Wolves prefer organ meat, prizing it as delicacy and a special treat. It has more nutrition, vitamins, minerals, and other good things than steak and roast. A wolf pack that brings down a deer or a buffalo has a "social order". The Alpha Male (and his mate) get the heart and liver, and the other biggest and strongest wolves get the kidneys. The other wolves have to get by on sirloin, rump roast, ribs, and so forth. Give a wolf a pound of heart and a pound of sirloin, and he will eat the heart first (but he will eat both). Dogs may have gotten their start from wolves who hung around the garbage dumps near cave man villages, but garbage is not good for wolves.
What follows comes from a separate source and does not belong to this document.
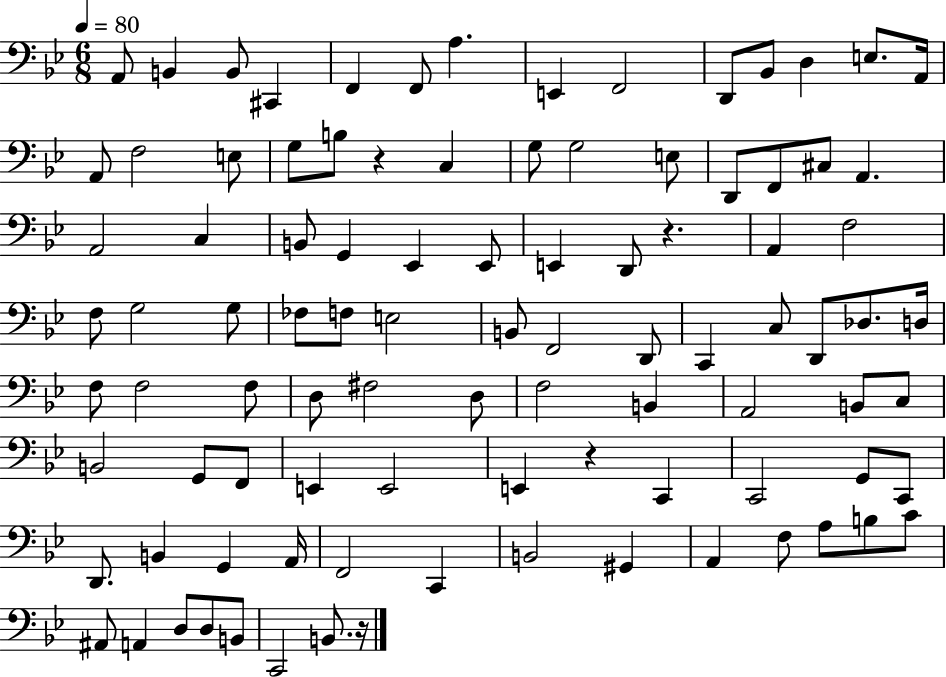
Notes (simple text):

I started going to Wild Spirit several years ago when Mike Sparks, our customer service guy, showed us a brochure for the place. Leanna and I love animals, particularly (well, almost entirely) predators. On the first trip, I remarked that it was a pity I could not bring food. I was surprised when I was told it was ok. (They gave me a detailed explanation of what to bring. No pork. No fat.) On my next trip, I brought three beef hearts. One went to Genghis Khan, the Alpha Wolf, and one to his lady, Artemsia. (Being a soldier, I have an admiration for old Genghis.) The third heart went to Doc, a wolf who was not having a good time and needed something special to brighten his day. I have taken beef heart to Genghis twice now; tomorrow will be the third time. The second time, he didn't eat it at first, but carried it to the highest point in his pen to show it off. Then he ate it. Wolves have such a keen sense of smell that when I arrive at the sanctuary, Genghis recognizes me from two hundred yards away and goes a little crazy waiting for me to trudge up the hill with his special tribute. Being the Alpha Wolf, he darn well better get the most and best of what I bring.
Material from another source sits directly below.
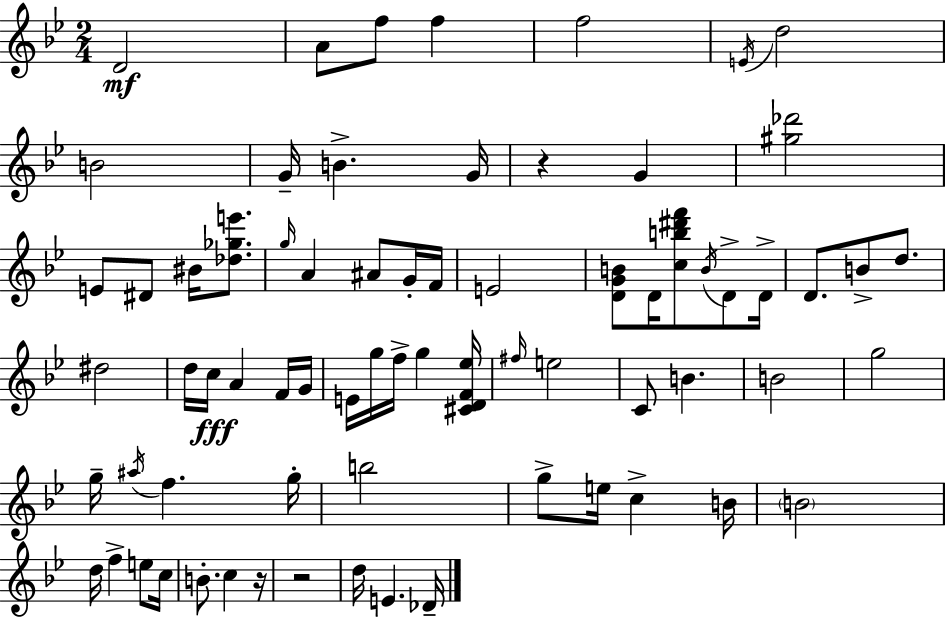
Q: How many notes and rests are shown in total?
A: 71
Wild Spirit feeds the wolves a variety of food approved by the US government. (They are regulated like a zoo.) Naturally, cost is an issue, and the wolves (who eat a few pounds of meat every day) get various items including purchased and donated meat. (There are many hunters in the region who donate the unwanted parts of the deer and elk they kill. Taxidermists send in loads of bones and meat.) Often, the wolves get chicken, because dark meat is cheap to buy, and they often get a thing called "wolf loaf". Wolf loaf is a mixture of ground beef, ground turkey, eggs, vitamins, and other things. It's a way to make sure they get a balanced diet.
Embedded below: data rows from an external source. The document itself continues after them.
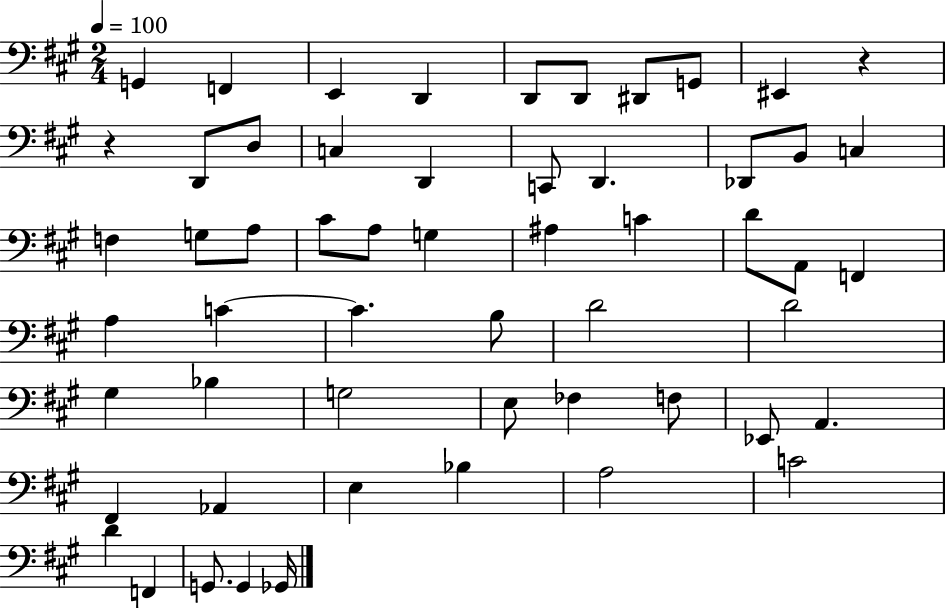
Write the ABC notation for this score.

X:1
T:Untitled
M:2/4
L:1/4
K:A
G,, F,, E,, D,, D,,/2 D,,/2 ^D,,/2 G,,/2 ^E,, z z D,,/2 D,/2 C, D,, C,,/2 D,, _D,,/2 B,,/2 C, F, G,/2 A,/2 ^C/2 A,/2 G, ^A, C D/2 A,,/2 F,, A, C C B,/2 D2 D2 ^G, _B, G,2 E,/2 _F, F,/2 _E,,/2 A,, ^F,, _A,, E, _B, A,2 C2 D F,, G,,/2 G,, _G,,/4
The pumpkins have always had just the normal day's ration of something, usually wolf loaf with maybe a piece of chicken. That is, they got that until I showed up. Now, they get the Las Vegas Buffet of wolf food: a chunk of heart, half a kidney, a slice of liver, several pieces of chicken, and of course, a double handful of wolf loaf. I was much amused last year to watch the wolves open their pumpkins and sort through the buffet. Each wolf would pick out his favorite item to eat first. Some of them would go through the whole pumpkin to see if there was any more of that favorite thing before eating the rest. There were two wolves which actually traded treats; each ate what they wanted and then at their pen mate's leftovers! Genghis, who had finished a four-pound heart only two hours earlier, not only ate his entire pumpkin's contents, but stole the buffet pumpkin from Artemesia! (She didn't seem to care; her tummy was full of four pounds of beef heart. The poor girl has to eat her heart as fast as she can to avoid having Genghis steal it from her. She has a Bad Boy Complex that would put the average motorcycle mama to shame. When she says "my mate can beat up your mate!" she isn't kidding.)